A startup may be your dream, your personal pain point, your vision but unless you find enough people to say “yes, we share this pain too” and “yes, we will pay for the pain to go away”, there will be no startup beyond your dream. This is where building the Minimum Viable Product (MVP) comes in.

An MVP, as founders will know, is a bare-bones prototype that can be used to test if the dream should remain a dream or if some elbow grease may help its realisation. Its value in getting early adopters in is significant.

Early adopters are different beasts, psychologically speaking, from later adopters. They get your drift, your vision; they will use a less than perfect product and give you feedback; and you will gain several things. You will gain some early champions, you will get to see how the product works in the hands of actual users not just the people who designed it and how it needs to change, and you will get a better idea of what you need by way of talent to drive the startup.

Open source tools and cloud services enable quick building up of MVP for web based services. But not all startups are building web services or apps. How does one build an MVP for a physical product? As the following examples show, the web can be immensely useful in these contexts too.

Svaha-USA makes STEAM-themed clothing for children. Some mums asked them for STEAM themed dresses. Before swinging into action based on some feedback. Svaha-USA chose to test the wider market by setting up a crownfunding campaign for their first such collection. Not only was the campaign oversubscribed, they built a new following and now STEAM themed dresses for mothers are an integral part of their offering.

The founders of Onnix Bags in London, aiming to offer customisable, handcrafted bags at affordable prices, started by building a community first. Practising artist Austin Kleon’s advice, Show Your Work, they shared their process of design and building supplier relations with the community. This community came through in a big way when they ran their crowdfunding campaign, and you guessed it! They benefited other founders in their community by sharing in great detail how they went about their campaign. Where markets are finicky and unforgiving, such as in fashion and personal goods, building an MVP could go hand-in-hand with early marketing and brand building as Onnix successfully did.

Similarly, Que Bottle, the Bay Area based makers of collapsible, food grade silicone bottle, tested the concept in a secret but global group of founders, before launching their crowdfunding campaign which was swiftly successful.

Of course, one could always develop and distribute a finite number of prototype product or devices and collect feedback but the upfront capital investment may be substantial.
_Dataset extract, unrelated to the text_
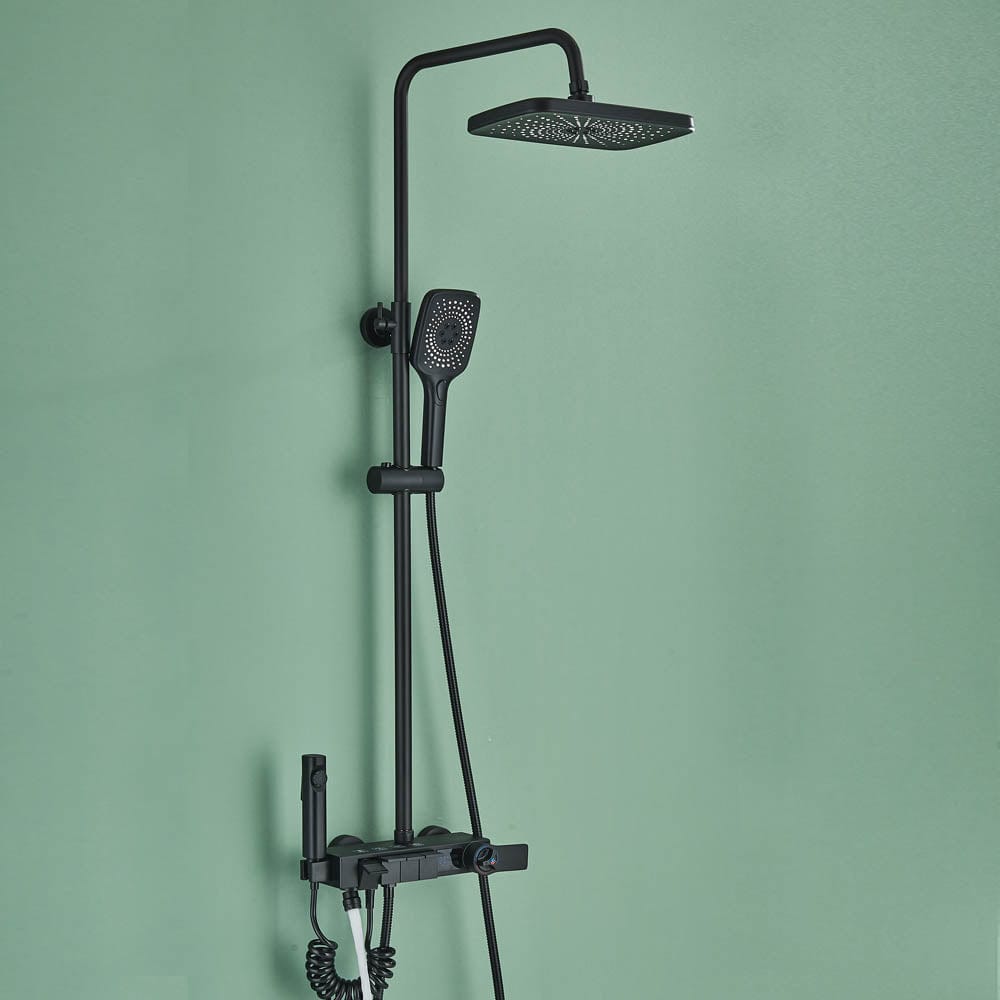 Coloană Duș cu termostat și afișaj de temperatură, negru mat, multiple funcții de curgere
Founders with a track record and solid social capital, such as Jo Aggarwal and Ramakant Vempati, who founded Touchkin, a mobile predictive healthcare startup in India, may find the path to raising funding eased somewhat.

You may have noticed the emerging theme here. To ease the path to success, it helps if one is plugged into the entrepreneurship ecosystem, and both ask for help and share your learnings. While entrepreneurship ecosystems may differ slightly in their cultural origins, the core values of paying it forward and helping one another are notable in both the Silicon Valley and London ecosystems. As the Indian entrepreneurial ecosystem matures, these values are already taking hold and helping strengthen the ecosystem.
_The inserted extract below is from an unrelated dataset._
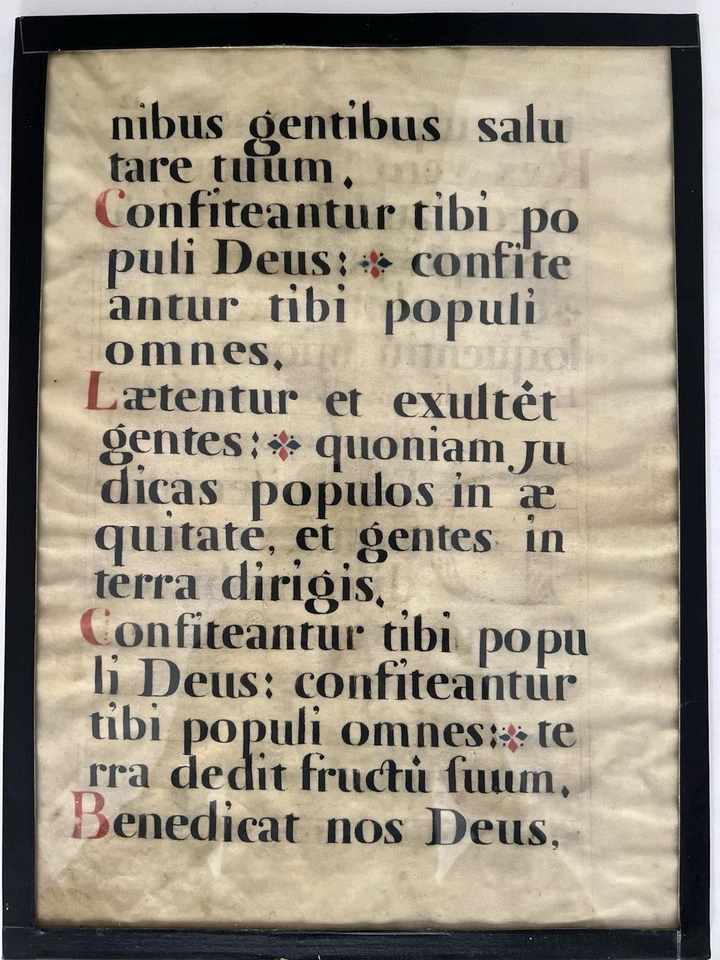 Antique Medieval Vellum Chant Latin Music Manuscript Two Sides Framed 19" x 22" - Image 2 of 4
Many founders see themselves as outliers or iconoclasts. But in reality, most of us are ordinary with extraordinary dreams. That iconoclast bit is true only for a minuscule number. And even those would benefit from knowing about, joining, and participating in the local founder ecosystem. Many ideas are tossed around in these communities, but only some make it to the MVP stage and even fewer become successful businesses. There is, of course, no better cure for founder loneliness, more on which later in this series, than to see a whole community, who understands you and empathises with your pain and helps you deal with it.

There are two angles to the startup on a shoestring budget. This column focused on building an MVP before going big, the existential aspect of building a startup on a shoestring budget. In a later column we will discuss how founders can keep costs low.